Walford: Monday, Hoyland relieved me at ten a.m. and Cruikshank and I came down to Maillet, to the Mess. I did not get much sleep as Kershaw was to unload 1,600 rounds from the train and only had 12 men to do the job with - consequently he was up till day break. The 15th were all off for Thievre for a week's rest and left 5 men at the position to look after things and we were to ration them. It had rained most of Sunday night but was quite a good day now.

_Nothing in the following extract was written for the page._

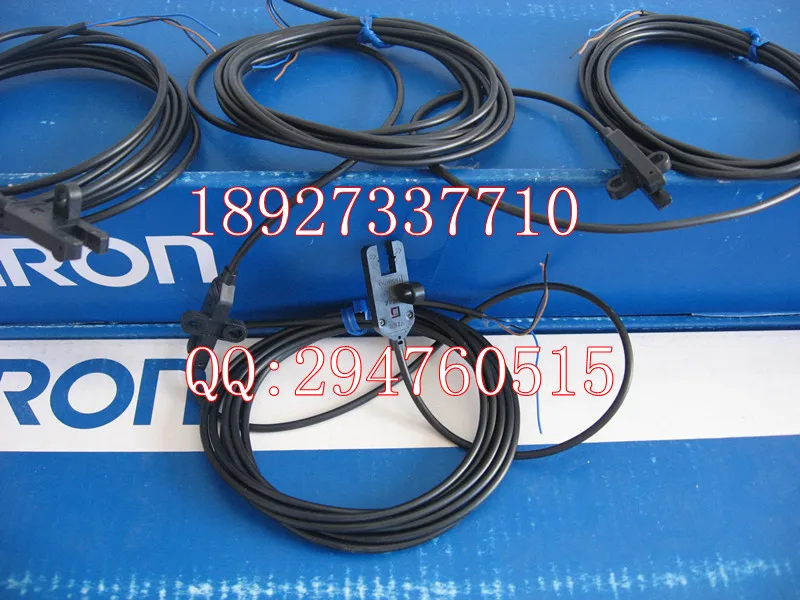 

[ZOB] 100% Новый оригинал-Фотоэлектрические датчики EE-SX772A -- 2 шт./лот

All the men except four left the guns last night and took two guns with them, for the purpose of training layers. It was a brute of a night. Of course, we got our full allotment of ammunition - four hundred boxes and we only had 12 men to shift them. They had a very thin time as it took from eight p.m. until five a.m. to do the job. We were all packed up by eight a.m. and moved off to wagon line by eight thirty. Picked them up at eleven thirty and got underway for [illegible]. Took everything from the wagon line in the way of shelters, as there is nothing at our new place. Walrond and Claudet and Bailey rode on to the new lines and I brought the battery along. We were well over halfway there when they came back and told us that all was cancelled and we had to be in action tonight. It was very disheartening, as all the rations had gone on, which meant that the men would not get a meal until late tonight. As we got the news and were discussing the situation on the side of the road, my leave warrant came so I did not mind so much and went back with Walrond to RA to find out the cause of the quick return. All we found out was that the army had made up their mind to push on 9th, unless an exceptional amount of rain fell. But I would still go on leave. Had lunch at RA and then went back to Maillet. My warrant said Boulougne, and I wanted to know what chances I had, as it is supposed to be closed, but I got very little information. The train leaves from Louvrincourt.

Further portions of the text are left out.